Grand Théâtre de Provence, Aix en Provence le 25 avril 2019
Orchestre Philharmonique de Radio France ; Mikko Franck, direction ; Nelson Freire, piano
Rismki-Korsakov, Le Coq d’or (suite)
Chopin, Concerto pour piano n°2
Rautavaara, Cantus Arcticus, concerto pour oiseux et orchestre
Stravinsky, L’Oiseau de feu
L’Orchestre Philharmonique de Radio France a fait très grande impression ce jeudi soir dans la salle du Grand Théâtre de Provence. Dans la Suite du Coq d’or de Rismki-Korsakov, tirée de l’opéra du même nom, le tapis de cordes est somptueux dès les premières mesures, accompagné successivement par les impeccables harpe, clarinette solo, flûte solo… Le chef Mikko Franck, directeur musical du « Philhar », dirige le plus souvent en reposant sur une chaise à l’assise haute, la gestuelle s’étalant entre économie et quelques battues beaucoup plus amples. Il se lève par moments, surtout pour les changements de nuances, les cassures de rythme, comme pour installer la nouvelle ambiance. On apprécie la rondeur du son, le relief parfois plus héroïque rendu par les cuivres, et l’on parvient à distinguer une profusion de détails dans la partition.

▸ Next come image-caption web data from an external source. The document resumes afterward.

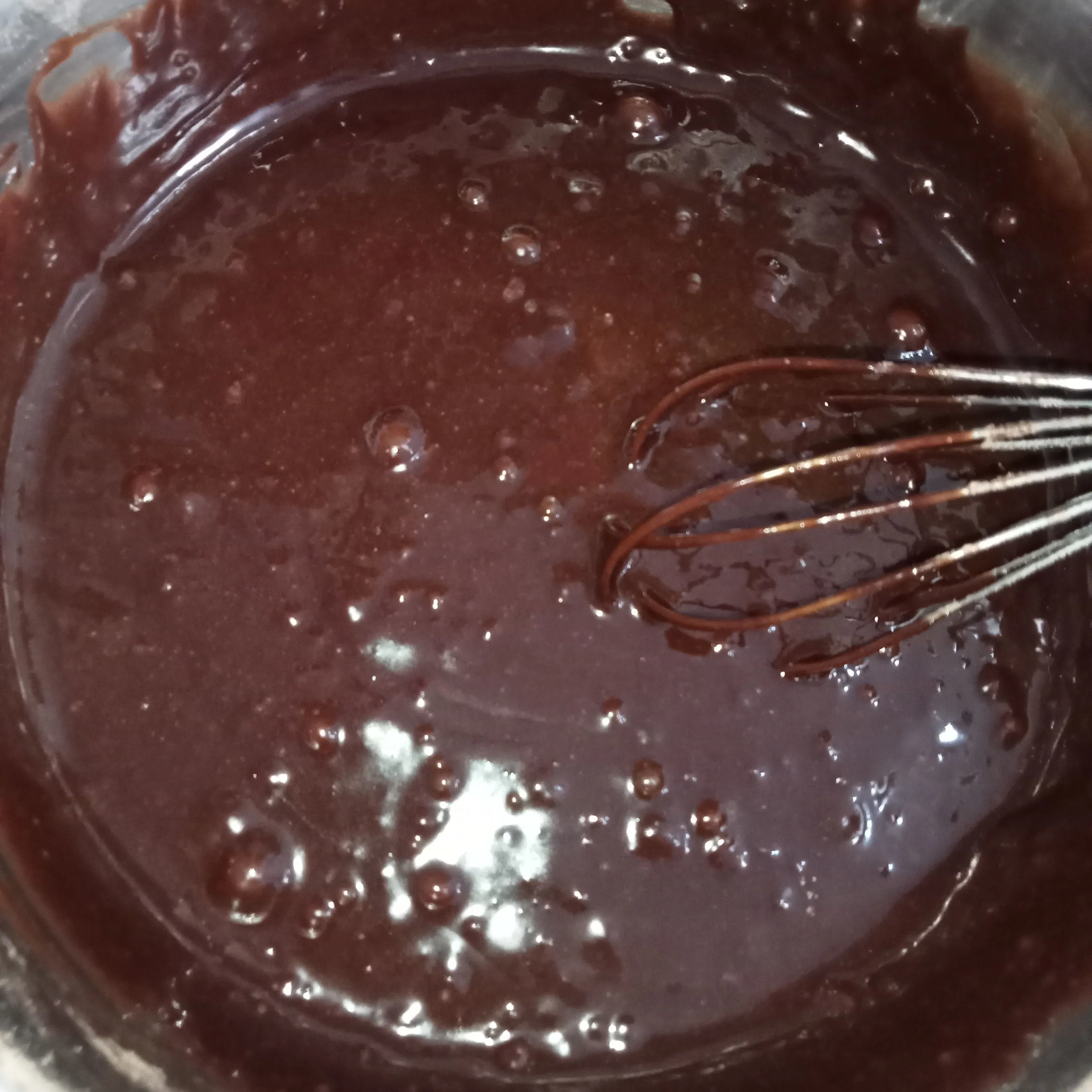 Step 3 Webtoon Brownies in Cup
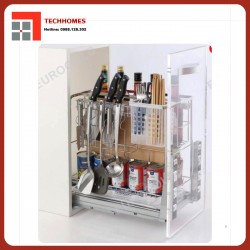 Giá dao thớt Eurogold EP40F - Inox 304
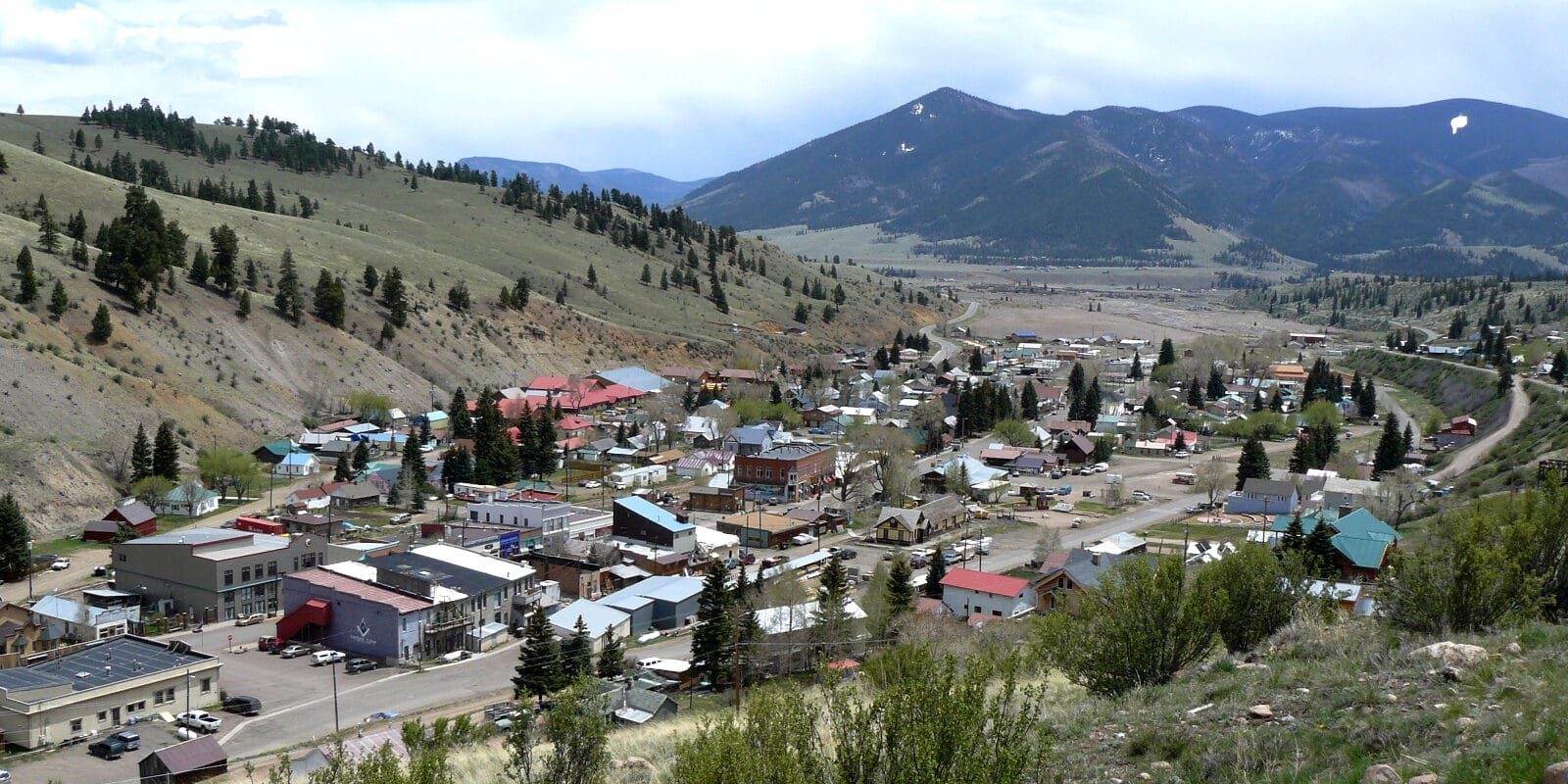 View of Creede, CO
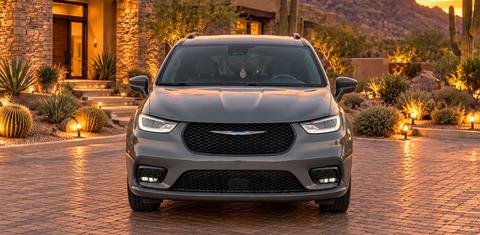 Chrysler Pacifica 2021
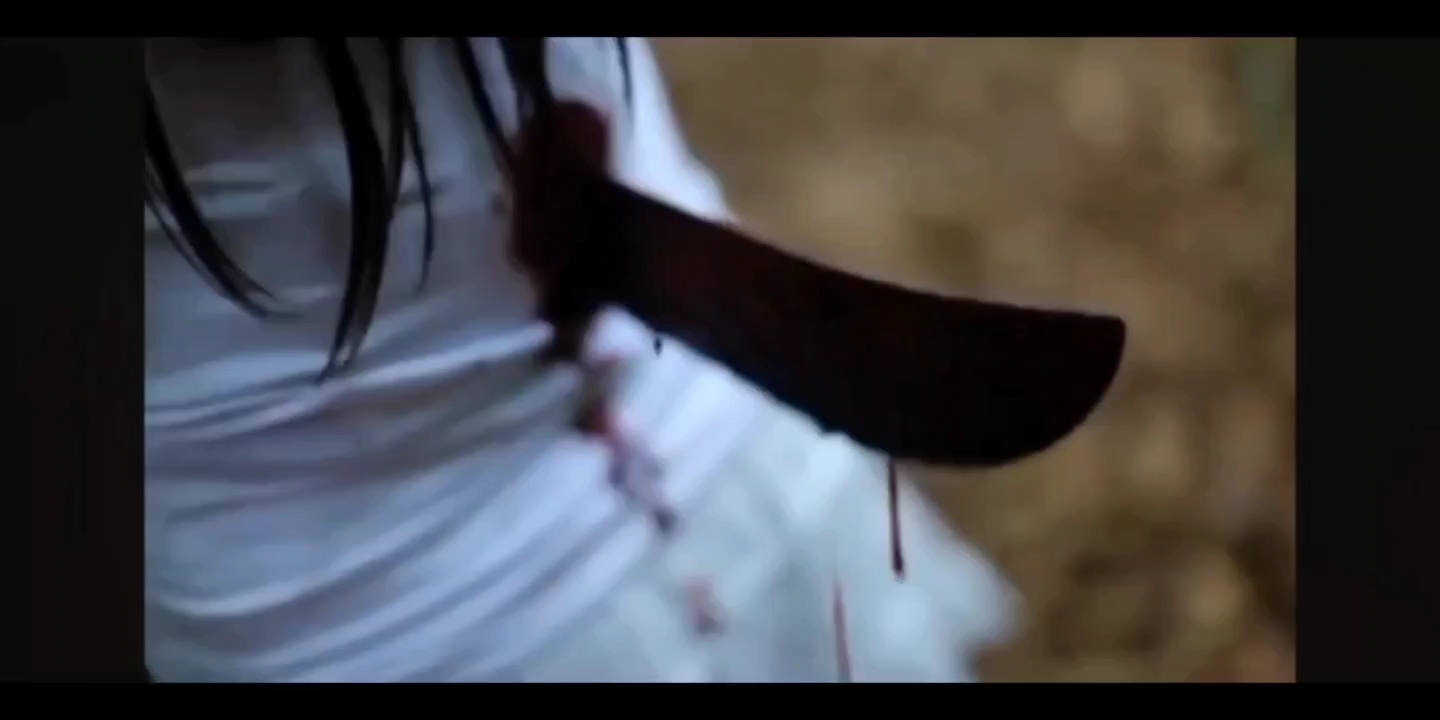 美女肚子中刀被杀-118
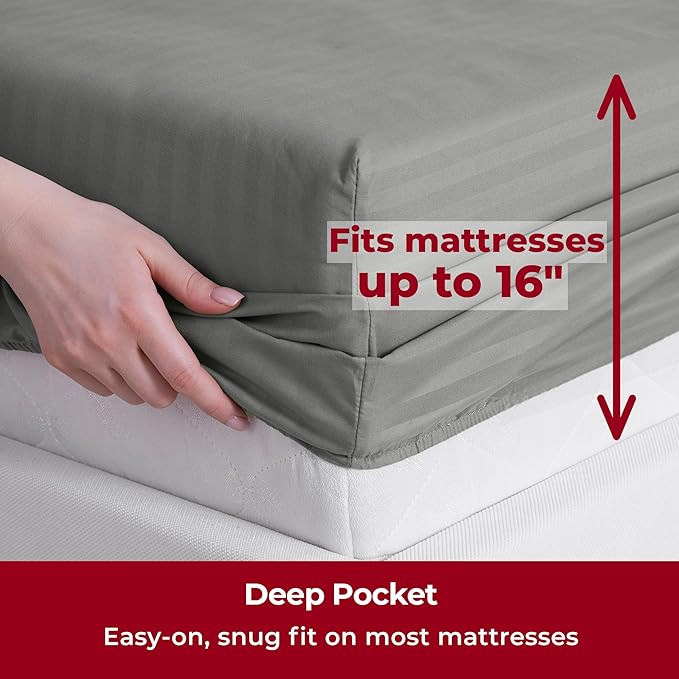 Mellanni Twin XL Sheets Set - Image 4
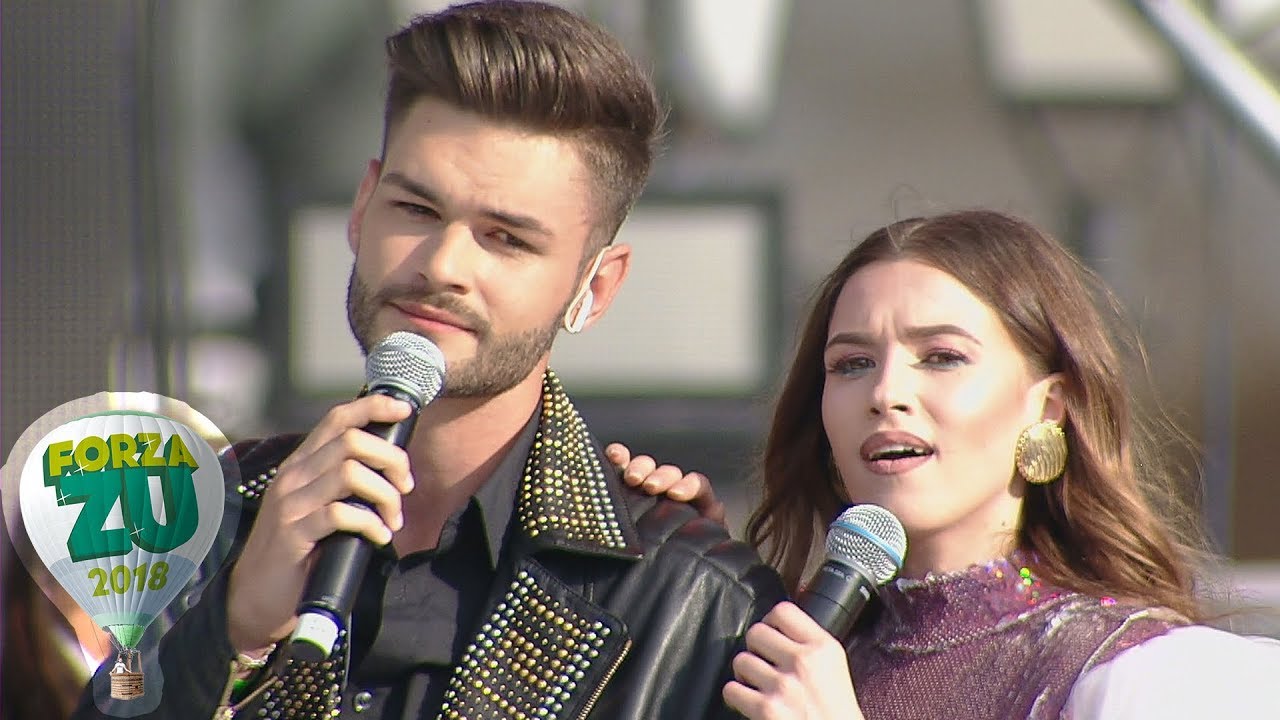 EDWARD SANDA ft. IOANA IGNAT - Doar pe a ta (Live la FORZA ZU 2018)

L’immense pianiste Nelson Freire entre ensuite en scène pour interpréter l’une de ses œuvres préférées, le Concerto n°2 de Chopin. Son interprétation est absolument prodigieuse, la pièce semble faire partie de lui-même tant son jeu paraît naturel et personnel. Le soliste est à 74 ans en pleine possession de ses moyens techniques : rapidité d’exécution, virtuosité, moments élégiaques (en particulier dans le 2ème mouvement), le toucher est subtil dans un magnifique délié, sans exclure certaines attaques frappées avec davantage de franchise. L’orchestre conserve aussi sa qualité et son caractère, mais en laissant la première place au soliste.
Il faut ensuite signaler une fin d’entracte un peu agitée : alors que les deux tiers de la salle et l’intégralité des musiciens sur scène sont déjà en place, on attend encore les nombreux spectateurs visiblement invités à de nombreux cocktails. Le temps passe, l’orchestre poireaute un bon quart d’heure, le temps que les retardataires regagnent leur siège… en prenant leur temps, ce qui déclenche quelques quolibets et autres « Dépêchez-vous ! » de la part des auditeurs déjà assis. Il faudra même éteindre les lumières et que le chef vienne sur le plateau, bras croisés pendant de longues minutes pour assister au « spectacle » de la salle, pour accélérer le mouvement…
Place à la musique donc, pour une seconde partie complètement… ornithologique ! Elle démarre avec un opus du compositeur finlandais Einojuhani Rautavaara (1928-2016), nationalité également du chef Mikko Franck : un concerto pour oiseaux et orchestre, intitulé Cantus Arcticus. La musique est complètement tonale, et commence par la flûte, les bois, les cuivres, accompagnés de cris et chants d’oiseaux enregistrés et diffusés par haut-parleurs. Cela est assez agréable, pas du tout révolutionnaire toutefois, quelques grands accords aux cuivres et cordes pouvant rappeler Britten, on pense par exemple aux interludes musicaux dans Peter Grimes.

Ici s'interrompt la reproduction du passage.